Gonzo: Where are you going?
Fozzie: We're following our dreams.
The documentary 10mph, (www.10mph.com) too is an example of a couple of guys ditching their "soul-sucking cubicle jobs" in the IT industry and pursing their dreams by going on a roadtrip. Except their trip, -from Seattle to Boston, was on a Segway, -one of those quirky two-wheeled self-balancing electric transportation devices with a speedometer that barely reaches double-digits, -hence the film's name.
On a decidedly faster-paced trip, another group of friends hit the road in search of the answer to that burning question: "What are we going to do with our lives?" Piling into a dilapidated old green 31-foot RV, they traveled across America for three months in 2001, covered 15,000 miles and interviewed over 80 people employed in all types of occupations.
That journey, and the footage shot along the way, not only evolved into a book Roadtrip Nation (Ballantine 2003) and a PBS documentary, The Open Road, but also two more books, a weekly PBS series and a website (www.roadtripnation.com), plus an ongoing international student movement for which Roadtrip Nation partners with college career centers and conducts learning programs, offering student grants and opportunities for their own roadtrips.
A message (traditionally left by past Roadtrip Nation participants for future ones), written on the door of one of the RVs declares in part: "This trip can never give you all the answers, it never could, but it has given me the questions".
GETTING THERE IS HALF THE FUN
Actor Ewan McGregor said his own forays into roadtripping were "the most extraordinary thing that's ever happened to me", -this from an award-winning movie star who thrice played Jedi Obi-Wan Kenobi.
McGregor first climbed aboard his motorcycle alongside his friend Charley Boorman back in 2004 for the "Long Way Round Trip" a 20,000 mile ride from London to New York, via Asia and Alaska.
The pair then set out again in 2007 on a 15,000 mile ride from John O'Groats, Scotland to Cape Town, South Africa, with both journeys bringing attention to UNICEF's humanitarian efforts in such places as Ukraine, Mongolia, Uganda and Malawi.
Granted, not everyone can mount "life-changing" international roadtrips like McGregor's which covered thousands of miles and spawned documentaries, books, DVDs, and CDs plus an interactive website.

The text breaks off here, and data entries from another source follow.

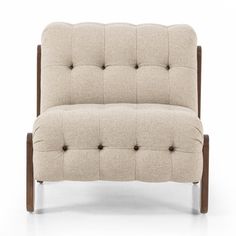 an upholstered chair with wooden legs and buttons on the back, in beige fabric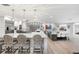 Modern kitchen with a marble island, stainless steel appliances, and an open design at 3407 W Busch Blvd, Tampa, FL 33618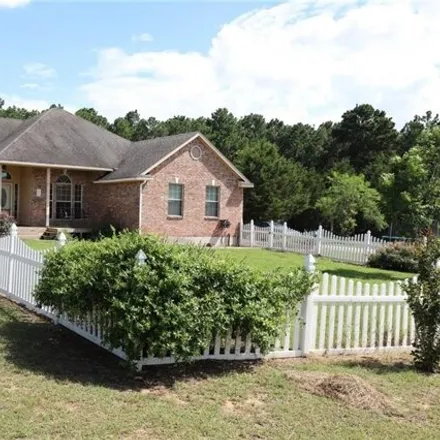 Rent this 3 bed house on 171 Rye Grass Lane in Bastrop County, TX 78602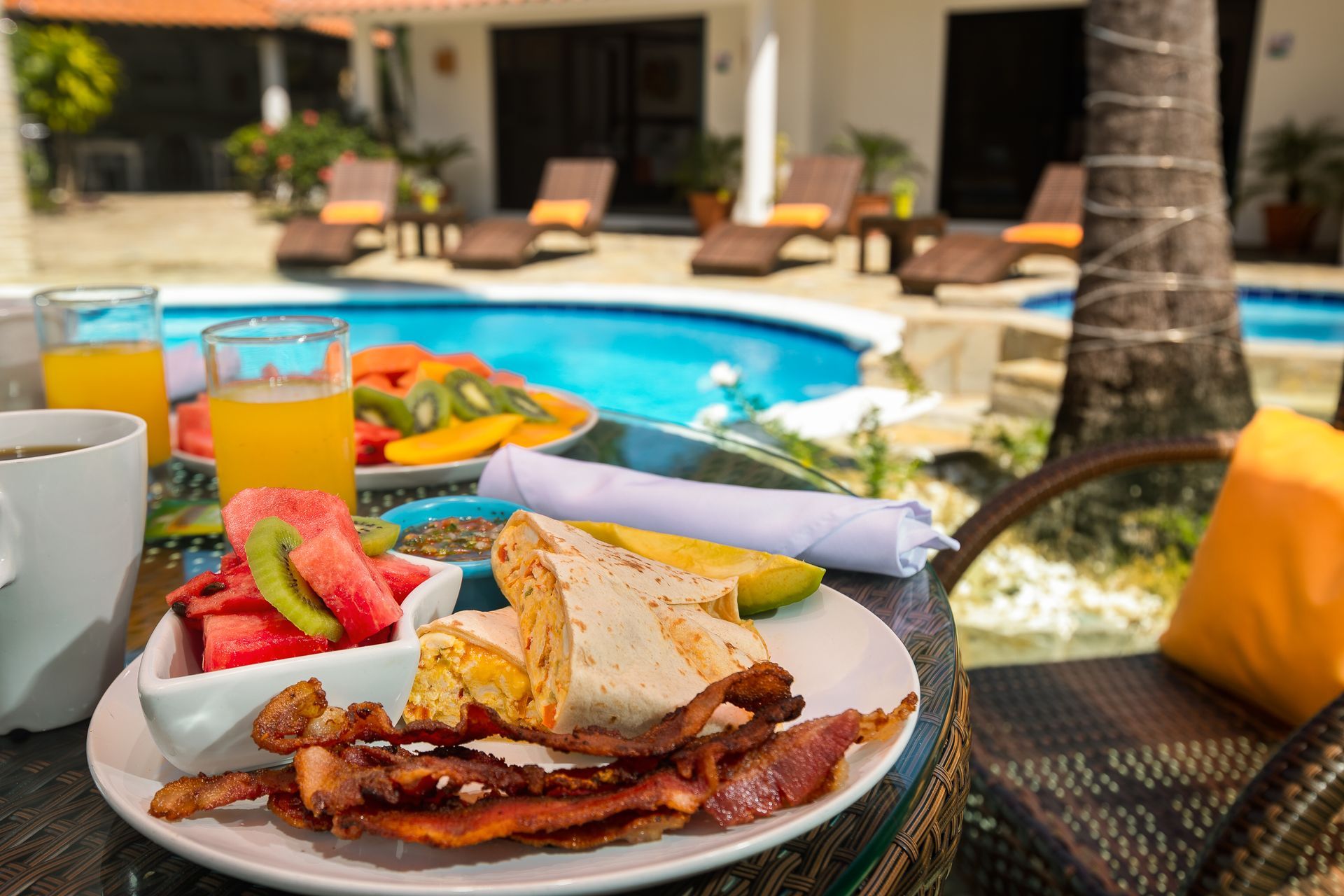 Breakfast plate with breakfast burrito, bacon, fruit, and juice, by a pool with lounge chairs and the trunk of a palm tree.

But a roadtrip, no matter the destination or purpose, truly is something that must be experienced.
"Wandering around our America has changed me more than I thought. I am not me any more. At least I'm not the same me I was." The Motorcycle Diaries
There's a reason "Go on a road trip" is an aspiration that ranks high on so many life lists. Riding those "horses of gas and steel" is a unique experience and, just as the song says, once you've had a taste of going places you've never been and seeing things you may never see again, you just can't wait to get on the road again.